NFP Report: Trend vs Single Data Point

The show must go on . . .

Despite the events of the past few days, the never ending stream of data, useless and informative alike, continues unabated.

My longstanding view is that most of the data in these series is not statistically meaningful. The collection process is imperfect; the models used to analyze this data are rather flawed. And the very human tendency to over-emphasize the most recent piece of data tends to increase the total amount of volatility, be it in equity prices or belief systems.

What does matter is the overall vector of a given economic sector. Vectors include the rate of acceleration or deceleration, persistency, direction etc.  Think overall “trend” and changes thereto. For employment, this means: Are we seeing an increase in the factors that lead to hiring? What is the ratio between hires at big firms vs small firms? Are Wages increasing, staying flat, or decreasing; Temp workers getting hired, total hours worked etc. What are the likely data and modeling errors? Collectively, those factors all add up to an issue of the employment situation roughly improving, maintaining a stability, or getting worse.

Hence, each data point should be looked at in terms of whether it is continuing the overall trend, or suggesting a reversal in trend. Everything else is noise.

Consider the transition over the past five years — 2006-2011. In 2007, the entire new job creation pool was a result of Birth/Death adjustments. That was a warning sign about a major change in trend. In 2008, we saw monthly job losses of half to three quarters of a million per month. That reversed after the market collapse and massive liquidity/bailouts of 2009. In 2010, job creation barely kept up with population growth. By the time we hit 2011, even that modest job creation began faltering.

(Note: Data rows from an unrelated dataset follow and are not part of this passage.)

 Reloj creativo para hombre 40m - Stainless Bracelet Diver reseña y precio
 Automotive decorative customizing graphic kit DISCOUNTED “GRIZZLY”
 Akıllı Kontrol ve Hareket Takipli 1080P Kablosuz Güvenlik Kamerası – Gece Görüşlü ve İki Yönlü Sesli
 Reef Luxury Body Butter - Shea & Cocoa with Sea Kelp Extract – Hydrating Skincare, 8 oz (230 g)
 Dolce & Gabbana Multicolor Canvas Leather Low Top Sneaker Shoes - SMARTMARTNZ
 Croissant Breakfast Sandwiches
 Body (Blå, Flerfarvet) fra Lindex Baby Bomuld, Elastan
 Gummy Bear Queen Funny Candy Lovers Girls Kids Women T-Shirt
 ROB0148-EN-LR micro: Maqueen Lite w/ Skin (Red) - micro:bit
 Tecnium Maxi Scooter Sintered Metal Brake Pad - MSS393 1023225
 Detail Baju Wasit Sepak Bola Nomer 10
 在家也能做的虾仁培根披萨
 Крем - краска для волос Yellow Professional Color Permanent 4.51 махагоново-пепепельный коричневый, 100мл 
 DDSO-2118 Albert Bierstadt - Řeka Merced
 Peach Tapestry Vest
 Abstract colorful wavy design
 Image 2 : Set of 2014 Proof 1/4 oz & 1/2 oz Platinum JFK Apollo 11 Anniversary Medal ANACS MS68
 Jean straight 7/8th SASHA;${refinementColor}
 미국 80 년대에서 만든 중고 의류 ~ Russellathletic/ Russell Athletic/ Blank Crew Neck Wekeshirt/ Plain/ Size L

For this month, the projected gain in U.S. payrolls in September is small:  The median forecast of 91 economists surveyed by Bloomberg News was that NFP Employment likely climbed by 55,000 workers after no change in August. Jobless rate is expected to remain unchanged at 9.1%.

Of course, economists have been proven themselves inadequate at making forecasts, which is yet another reason to look at the data, and remain focused on the overall trend.